↓↓↓

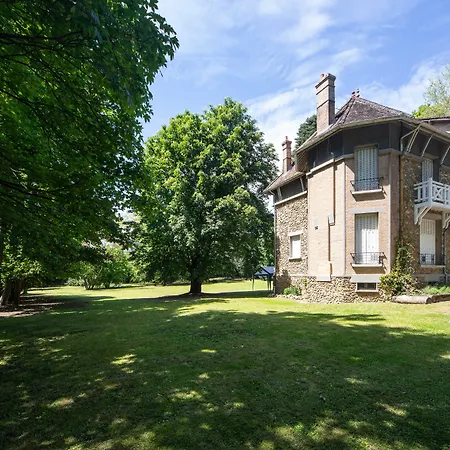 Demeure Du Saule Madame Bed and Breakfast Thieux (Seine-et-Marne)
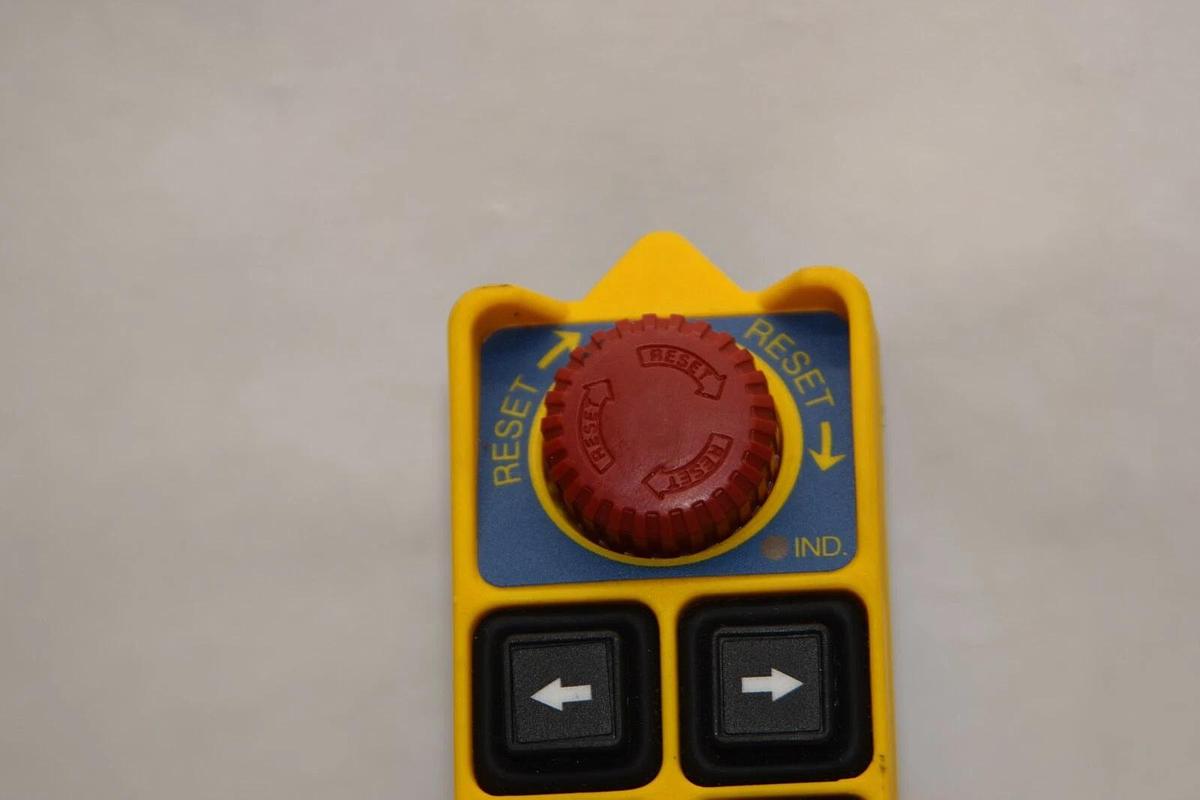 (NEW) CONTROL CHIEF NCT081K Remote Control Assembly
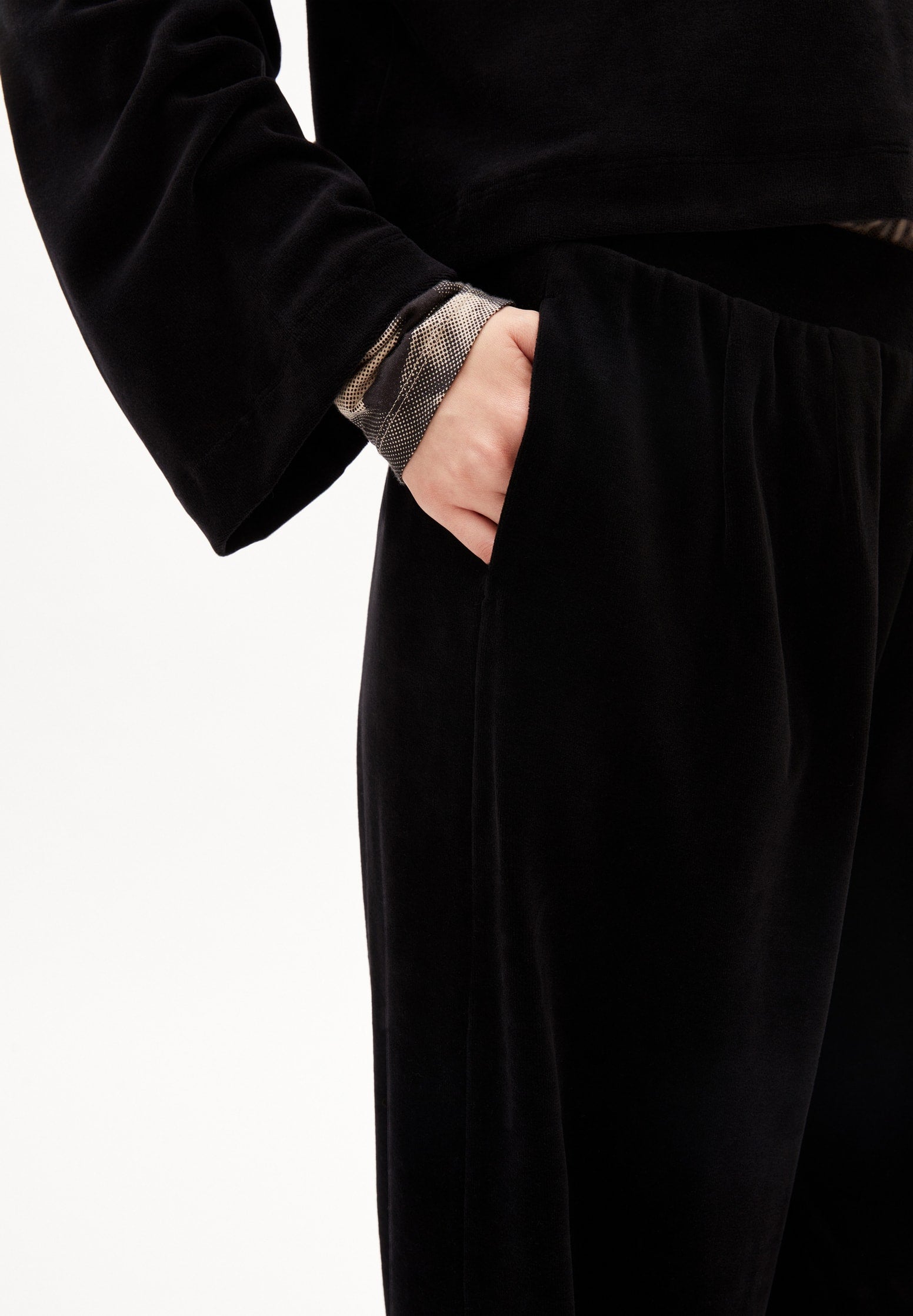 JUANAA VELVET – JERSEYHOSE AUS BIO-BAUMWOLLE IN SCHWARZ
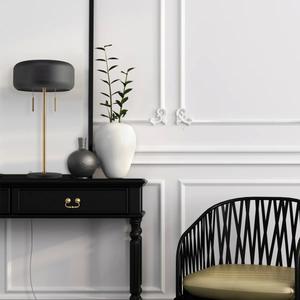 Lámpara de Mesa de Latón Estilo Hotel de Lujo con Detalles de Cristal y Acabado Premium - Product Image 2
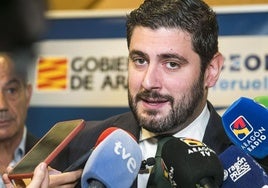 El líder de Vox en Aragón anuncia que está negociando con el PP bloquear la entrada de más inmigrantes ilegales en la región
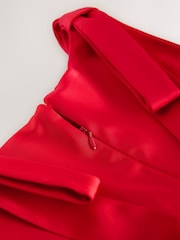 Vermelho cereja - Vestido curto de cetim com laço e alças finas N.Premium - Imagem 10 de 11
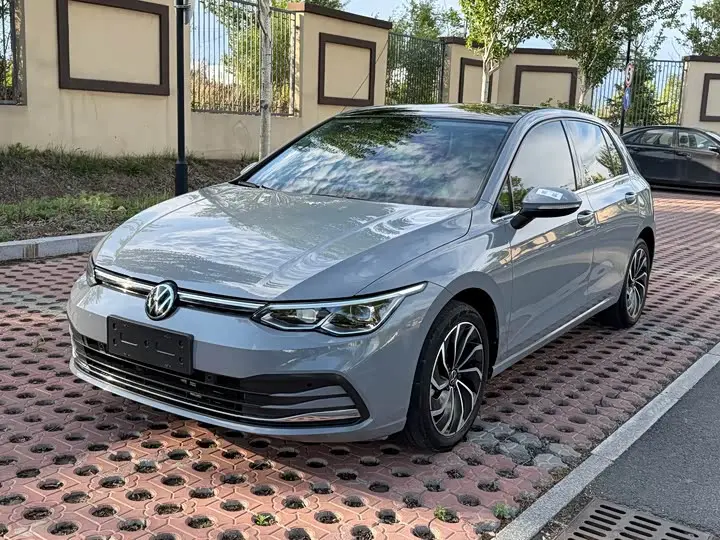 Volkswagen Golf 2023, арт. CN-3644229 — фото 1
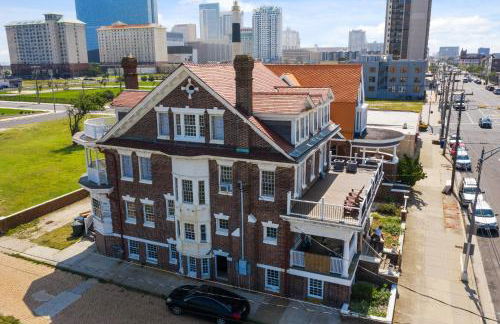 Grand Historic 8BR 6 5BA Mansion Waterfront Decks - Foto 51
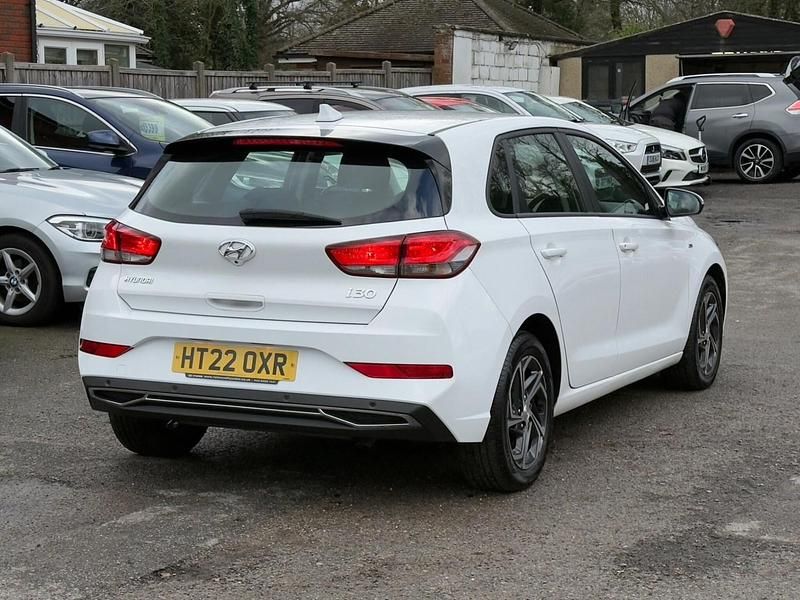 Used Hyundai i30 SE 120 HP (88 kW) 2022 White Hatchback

↑↑↑

**TASK TO CARRY OUT:**
Starting at the line that contains "Vermelho cereja - Vestido", transcribe every line through the end of the listing exactly, including both end lines and excluding pictures.

**ANSWER BOX:**
 Vermelho cereja - Vestido curto de cetim com laço e alças finas N.Premium - Imagem 10 de 11
 Volkswagen Golf 2023, арт. CN-3644229 — фото 1
 Grand Historic 8BR 6 5BA Mansion Waterfront Decks - Foto 51
 Used Hyundai i30 SE 120 HP (88 kW) 2022 White Hatchback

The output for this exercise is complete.